You may recall the following year he was stripped of his gold medals by the US Amateur Association for playing semi-pro baseball during a summer break from school. He was doing what all college players at the time did – play for a summer job. His duplicitous handlers and the head of the AAU knew of his baseball playing, only to deny it when the scandal broke. Thorpe knew nothing about it being an issue; he did as he was encouraged to do to by Pop Warner and the school.

It was a travesty made worse by the bigoted hypocrisy of Avery Brundage, the long-time head of the US Olympic Committee, who happened to be shamed by his poor performance in the same Olympic decathlon event won by Thorpe. It wasn’t until 1983, thirty years after Thorpe’s death, that the International Olympic Committee restored Thorpe’s gold medals.

Thorpe’s life was one long battle against prejudice, deceit, bad deals, alcohol, and misplaced loyalties. Yet he never lost faith that he could overcome the odds. He tried many times to leverage his fame into a successful business venture, but society and those he trusted sabotaged his chances. Instead, the years found him retreating over and over again back to the sports he loved for money and promotions to scrape together a living.

At the age of forty-seven he was still playing barnstorming baseball across the mid-west and east coast, hitting over .400, clubbing prodigious home runs as a player-coach – and never getting paid a penny by the unscrupulous promoter. That happened to Jim many times over the years, the victim of promises unkept and wages unpaid, and despite lawsuits, with no recourse to collect.

He was a man whose financial opportunities should have been plentiful, yet his life was marked by money troubles and a constant fight to overcome discrimination, betrayal, duplicity, shysters and liars. Throughout his life he remained popular and revered by the public even though sportswriters disrespected him and opportunistic promoters took advantage of him.

I wish he had been treated fairly. I get upset when I read stories such as his. Imagine how much more he could have done for the world if given the opportunity. At times, he was his own worst enemy by not being more vigilant about money. He was burned so many times by both reputable and irreputable organizations and individuals. But he kept looking for opportunities and work. Sad. He deserved so much better than to die at 65, nearly destitute, of a massive heart attack in a trailer home. 1953. The year I was born.

I know today’s athletes are more skilled, better trained, and have better science and equipment behind them. Direct comparisons can’t be made. All we can do is compare great athletes of their age against those around them. Thorpe was one-of-a-kind.

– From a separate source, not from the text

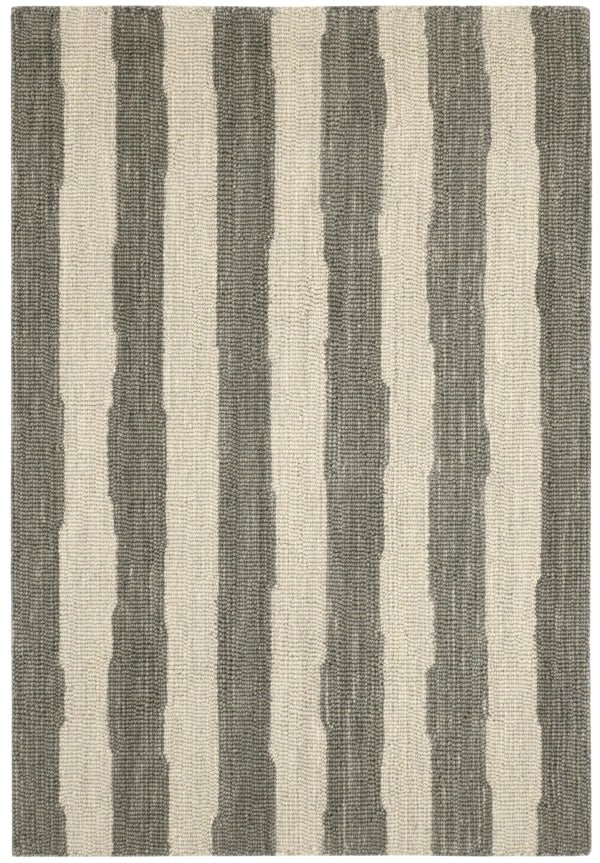 Dash & Albert Silas Stripe Hand Micro Hooked Wool Rug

No one could adapt and master a sport as effortlessly and completely as he could. Pop Warner said it was uncanny how Jim could observe how someone did something and almost immediately replicate it as well as the best. He was thoughtful, analytical, and even an activist for his ethnicity, especially in the Hollywood film industry, where the American Indian was routinely disrespected and ignored.

What I get from looking at the life of Jim Thorpe is not only great admiration for his athletic prowess, but his personal pride and nobility. He never lost that, and for all his challenges and disappointments, I find that admirable and impressive. If only we all had his strength. Maybe that came from being born on a night where the path was lit by lightning.